THE TASK:
Only the text should come through, so restate the listing exactly and drop its images.

INFORMATION SHOWN:

- - -

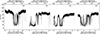 Thumbnail: Fig. 1. Refer to the following caption and surrounding text.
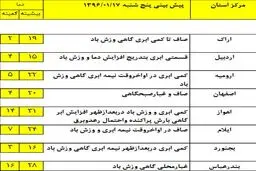 تعطیلات آخر هفته کدام مناطق بارانی است؟ +جدول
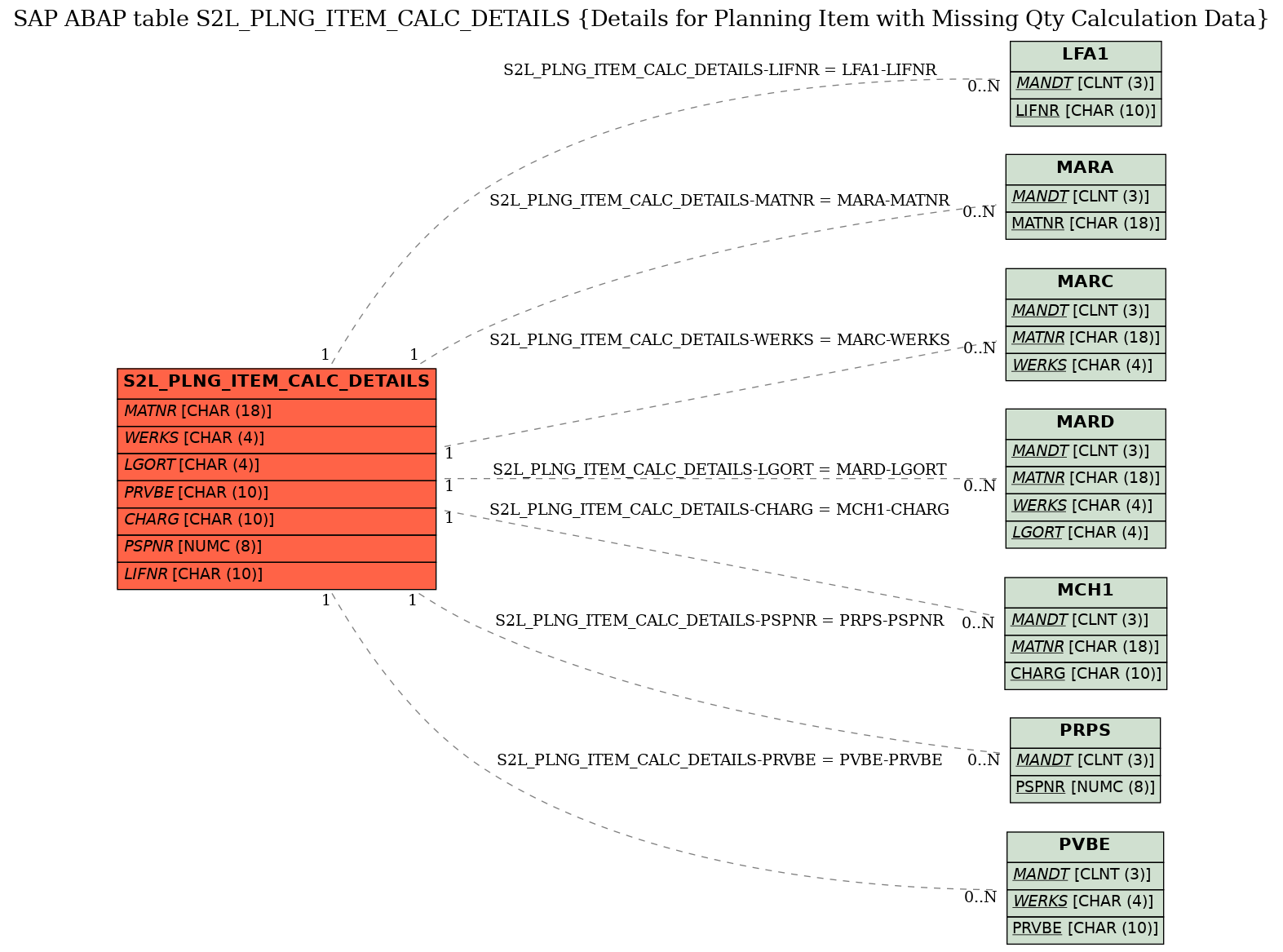 E-R Diagram for table S2L_PLNG_ITEM_CALC_DETAILS (Details for Planning Item with Missing Qty Calculation Data)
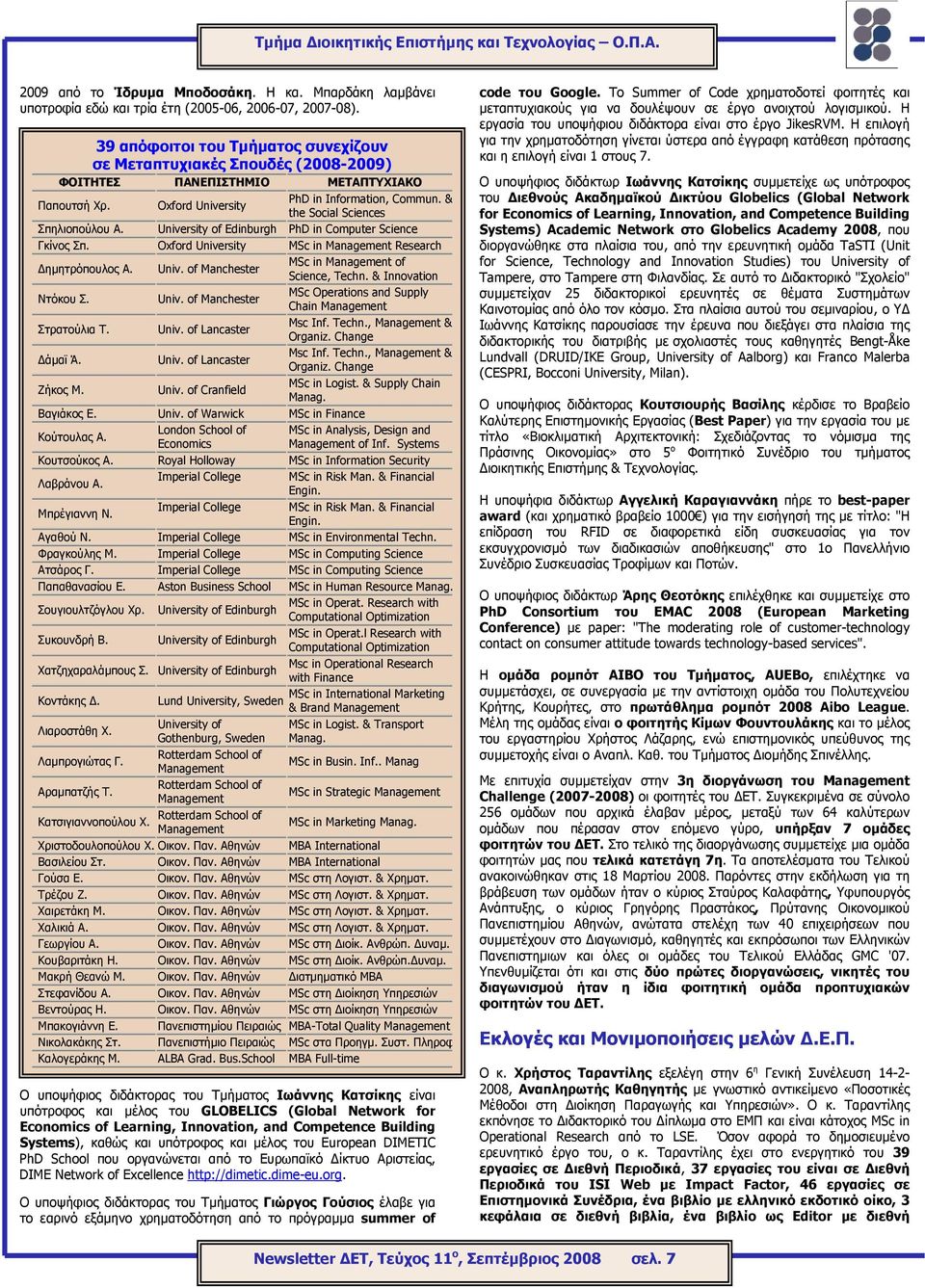 & the Social Sciences Σπηλιοπούλου Α. University of Edinburgh PhD in Computer Science Γκίνος Σπ. Oxford University MSc in Management Research ηµητρόπουλος Α. Univ. of Manchester MSc in Management of Science, Techn.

- - -

EXERCISE RESULT:
 Thumbnail: Fig. 1. Refer to the following caption and surrounding text.
 تعطیلات آخر هفته کدام مناطق بارانی است؟ +جدول
 E-R Diagram for table S2L_PLNG_ITEM_CALC_DETAILS (Details for Planning Item with Missing Qty Calculation Data)
 & the Social Sciences Σπηλιοπούλου Α. University of Edinburgh PhD in Computer Science Γκίνος Σπ. Oxford University MSc in Management Research ηµητρόπουλος Α. Univ. of Manchester MSc in Management of Science, Techn.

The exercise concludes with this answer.